El problema, alega Levinson, es que el fuerte crecimiento económico de las primeras décadas de posguerra fue una aberración. En verdad, eso parece ser cada vez más cierto. La ralentización del crecimiento económico se produjo en todo el mundo, según cálculos del difunto historiador de la economía, Angus Maddison. Desde 1870, el crecimiento de los ingresos per capita globales, ajustados a la inflación, promediaron alrededor de un 1 por ciento en la mayoría de los períodos, halló Maddison. Hay una gran excepción: entre 1950 y 1973, cuando el crecimiento per capita promedió casi un 3 por ciento anual.
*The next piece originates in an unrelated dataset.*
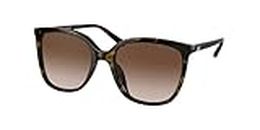 Michael Kors MK2137U Square Sunglasses for Women + BUNDLE With Designer iWear Complimentary Eyewear Kit, Dark Tortoise / Brown Gradient, 57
Es una diferencia grande. A un 3 por ciento anual, el estándar de vida se duplica cada 25 años; los avances son visibles. A un 1 por ciento, la duplicación se hace en unos 70 años; los avances son lentos y a menudo parecen no existir. La contradicción política es obvia. La gente espera los frutos de un crecimiento económico rápido (ingresos ascendentes, beneficios sociales protegidos, amplias fuentes de trabajo), pero la economía no los entrega. Su desempeño es ordinario, no horrible, pero la gente cree que le prometieron más.

Levinson escribe:

“La creciente cólera por la incapacidad del estado de entregar a los ciudadanos promedio la prosperidad que prometió se ha manifestado en formas incómodas: resentimiento contra los inmigrantes ... oposición vociferante a pagar suficientes impuestos ... críticas incesantes de los servicios públicos ... [y] el ascenso de movimientos disidentes en los extremos de la corriente política principal.”

¿Suena familiar?

El gobierno podría aliviar las tensiones elevando el crecimiento económico y la productividad. En la práctica, no es fácil. “La tasa a la que las innovaciones afectan la productividad está casi totalmente más allá de la capacidad del gobierno de controlarla,” escribe Levinson. “Convertir una idea innovadora en productos comercialmente útiles ... puede involucrar años de intentos y errores.”

Hay una monstruosa desconexión entre la realidad económica y los imperativos políticos. Sería refrescante que nuestros líderes políticos reconocieran que hemos entrado en una época de límites -durante cuánto tiempo nadie sabe- pero prefieren evadir verdades desagradables y dedicarse a los ataques personales. El resultado es una campaña despiadada que acentúa insultos sobre sustancia y que, además de su vulgaridad, fue excepcionalmente poco informativa.